> **To do**: Go through the data and copy every line exactly, but not the images.

> **Provided data**:
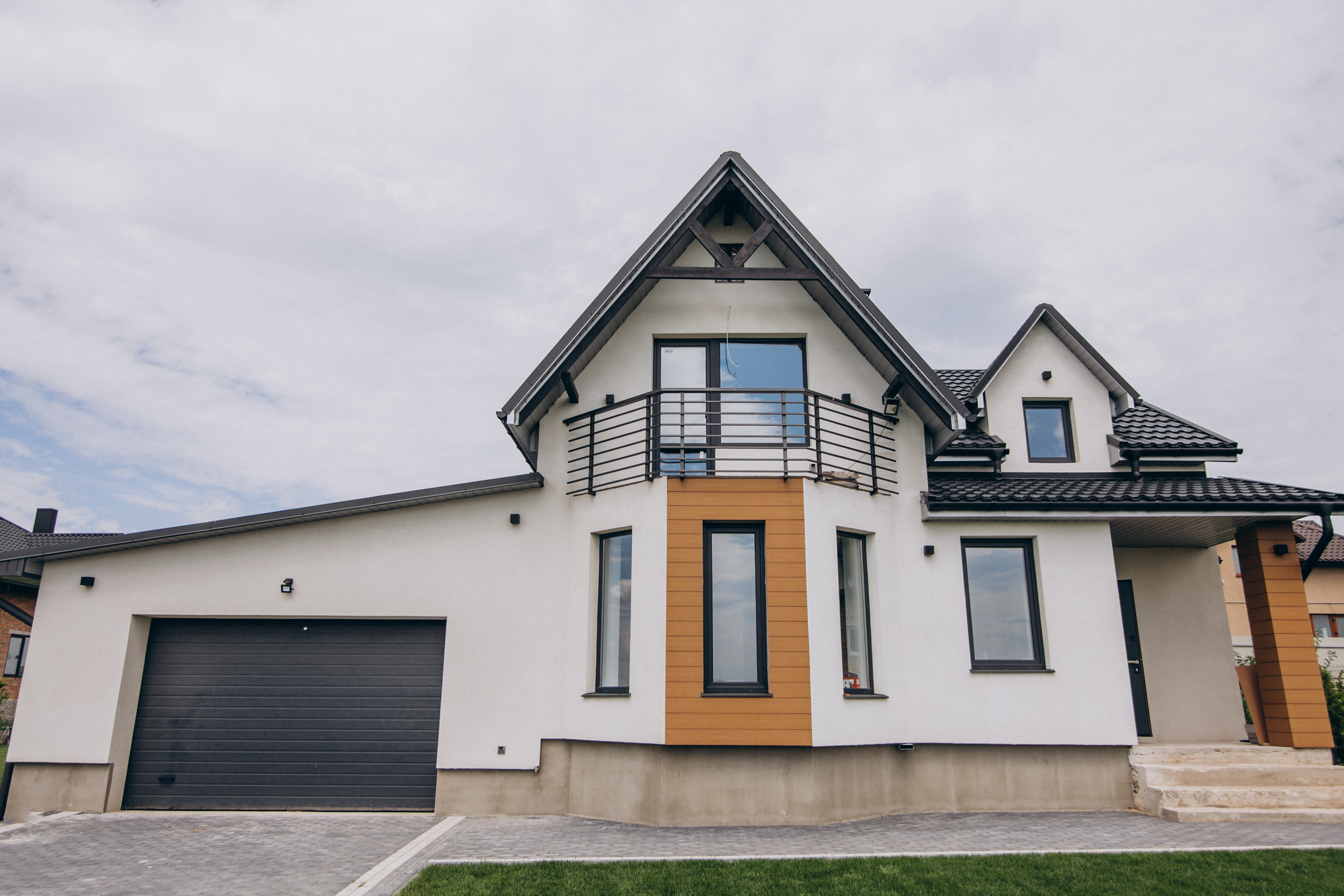 Reliable and Durable Garage Door Tech Solutions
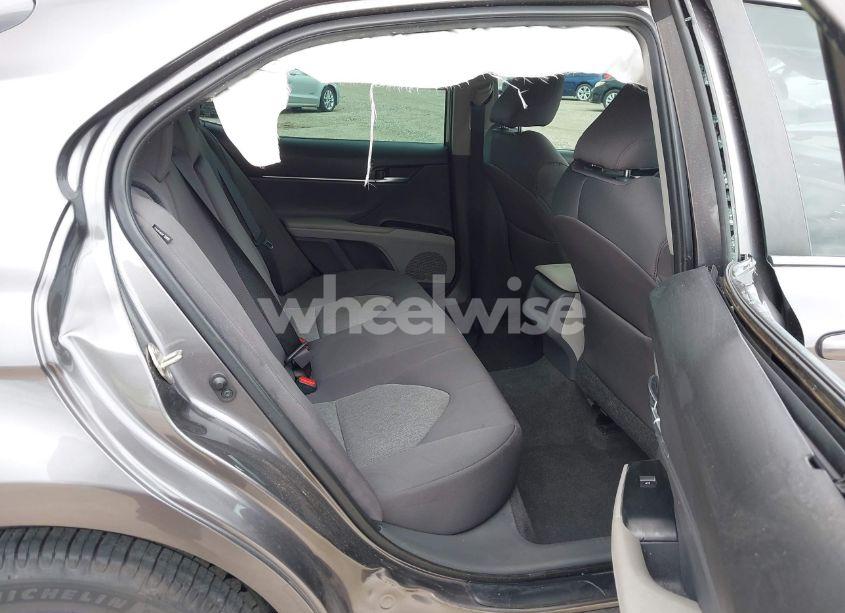 Photo 8 of 2020 Toyota Camry LE (VIN 4T1C11AK7LU860471)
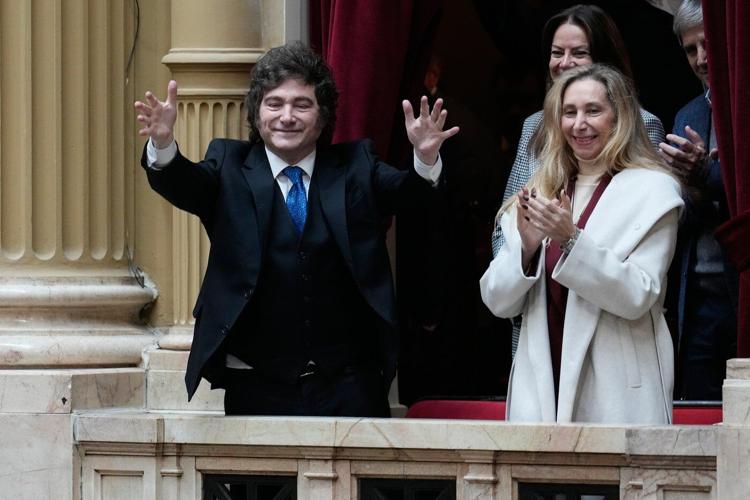 Argentina's Milei restores press access to presidency after a ban sparks backlash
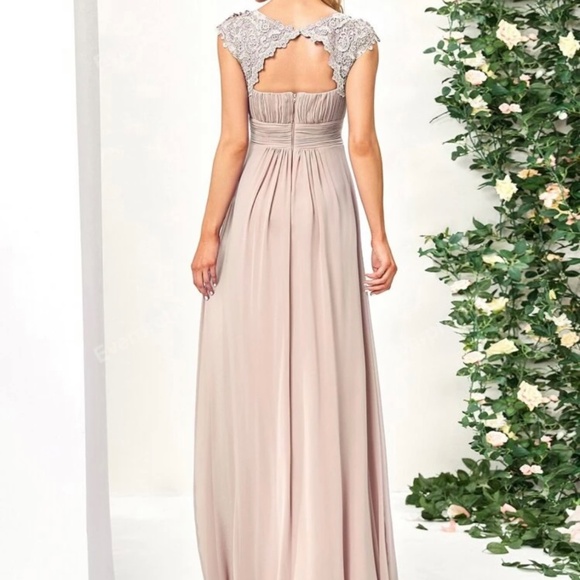 Wedding guest/ Evening Gown - Picture 4 of 7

> **Finished task**:
 Reliable and Durable Garage Door Tech Solutions
 Photo 8 of 2020 Toyota Camry LE (VIN 4T1C11AK7LU860471)
 Argentina's Milei restores press access to presidency after a ban sparks backlash
 Wedding guest/ Evening Gown - Picture 4 of 7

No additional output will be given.